For this new exhibition, the gallery is pleased to present the cinema of William Klein, on the occasion of a new exhibition dedicated to his film work. A major photographer of the twentieth century, William Klein holds a singular place in the history of the image. His work transcends the boundaries of the still image to invent a radical visual language, built on movement, tension, and the energy of reality. From the very beginning, Klein imposed a direct, frontal, provocative, almost physical approach. He did not merely frame the world: he staged it.
“Anyone who claims to be objective is not realistic.” For William Klein, there is no such thing as absolute truth. Only the relativity of what is seen and the radicality of the gaze matter. Born in 1926 in New York and deceased in 2022 in Paris, William Klein remained throughout his life both a creator and a sharp, irreverent observer. The expatriate American was a complete visual artist: photographer, painter, visual artist, graphic designer, and filmmaker. A practitioner of direct cinema, he directed more than twenty short, medium-length, and feature films, both fiction and documentaries, between 1958 and 2005.

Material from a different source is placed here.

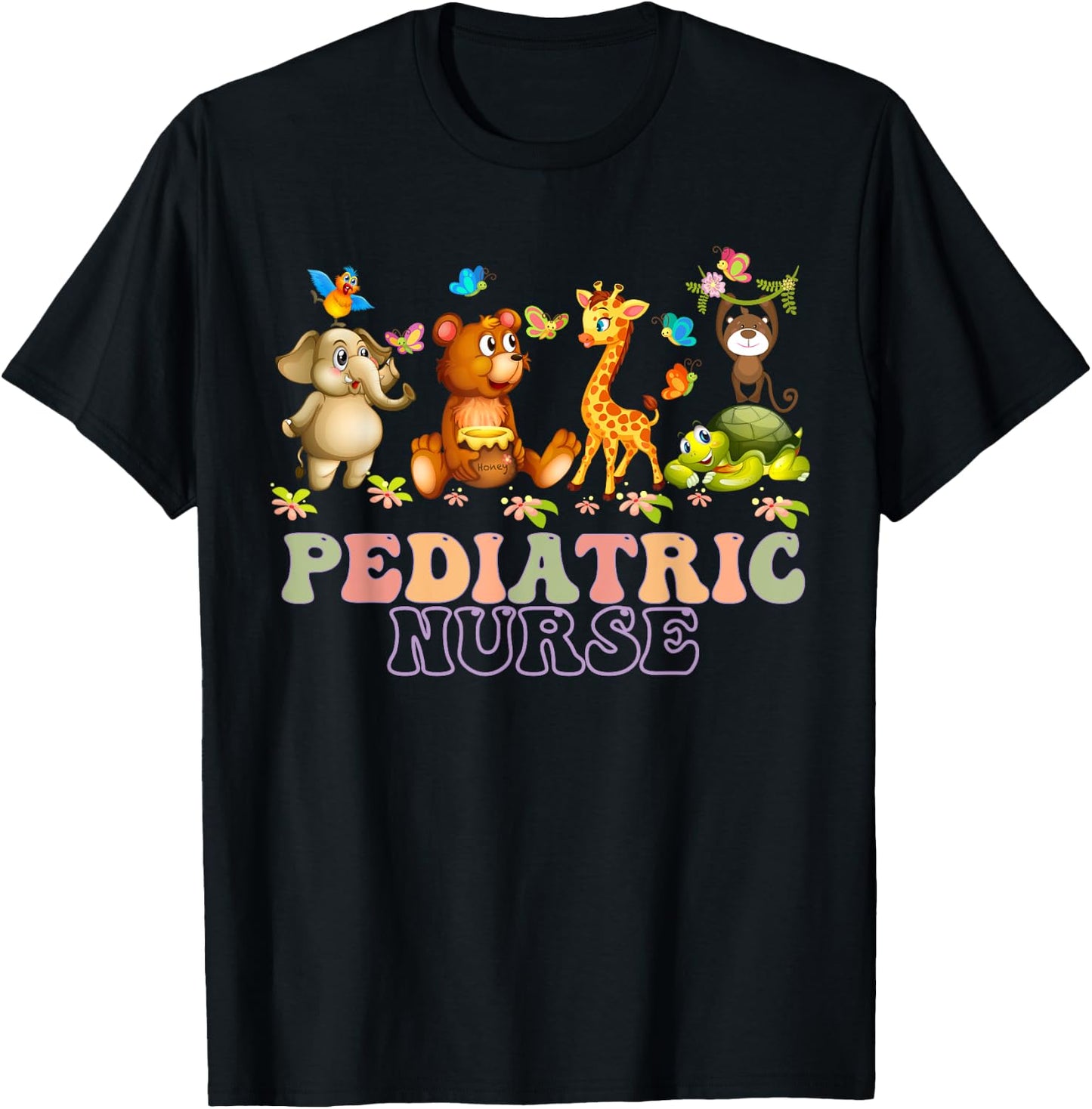 Pediatric Nurse Safari Baby Animals Nurse Appreciation Week T-Shirt - T-Shirt | Black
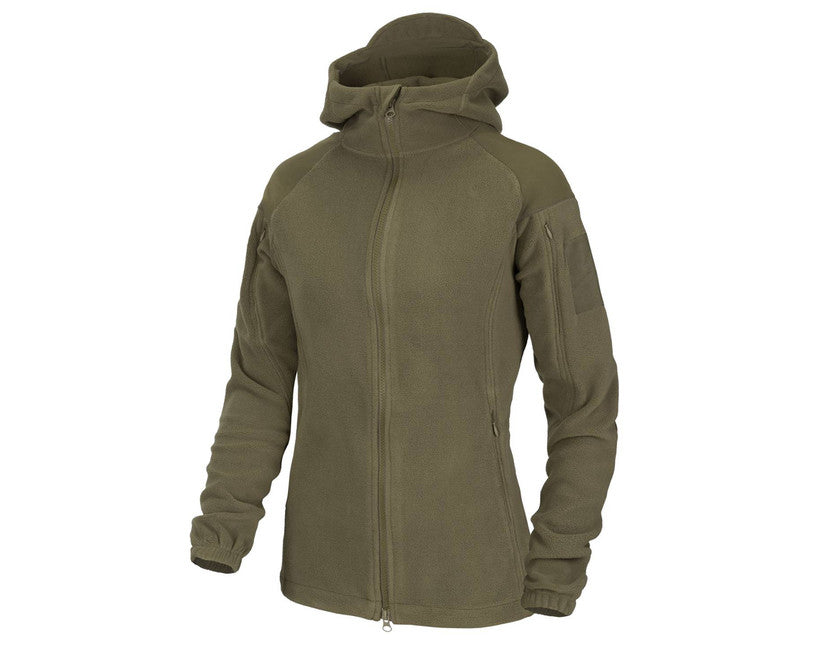 Helikon-Tex Cumulus felpa con cappuccio in pile da donna, verde taiga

Klein disrupted cinema just as he had shaken the publishing world with the release of his first book, Life is Good & Good for You in New York, in 1956. In Broadway by Light, his first venture behind the camera, he filmed the illuminated signs of Times Square and created what was probably the first pop film in the history of cinema. Avant-garde and iconoclastic, Klein remained so throughout all his films and maintained a direct connection with the spirit of the French New Wave.
The exhibition highlights this continuity through a selection of major films: Broadway by Light (1958), Who Are You, Polly Maggoo? (1966), Mr. Freedom (1969), Muhammad Ali the Greatest (1974), as well as In and Out of Fashion (1998). In Mr. Freedom, a political and pop satire, Klein directly attacks the excesses of power and American representations, notably around figures resembling a pre-Trump archetype, in what already stands as a biting critique of spectacle culture and domination. These works reveal the same obsession: that of an image in perpetual motion, traversed by light, blur, bodies, faces, and the energy of his characters.
The exhibition design extends this logic. It brings together original posters from his films, rare photographs taken during shoots — Klein remaining above all focused on the camera — painted contact sheets, as well as a selection of images from his major works, notably New York, Rome, and Tokyo. Some of these photographs, now iconic, possess an almost cinematic intensity: they could belong to films that do not exist. In reality, they embody Klein’s own cinema.
Through this dialogue between works, the exhibition reveals what runs through the entirety of William Klein’s oeuvre: the same urgency of vision, the same energy of framing, and the same desire to make the image a shock. On the occasion of his centenary, the gallery thus proposes a reconsideration of William Klein’s work not as an alternation between photography and cinema, but as one single language: that of a genius for whom the image is always in the process of becoming. In life as in cinema.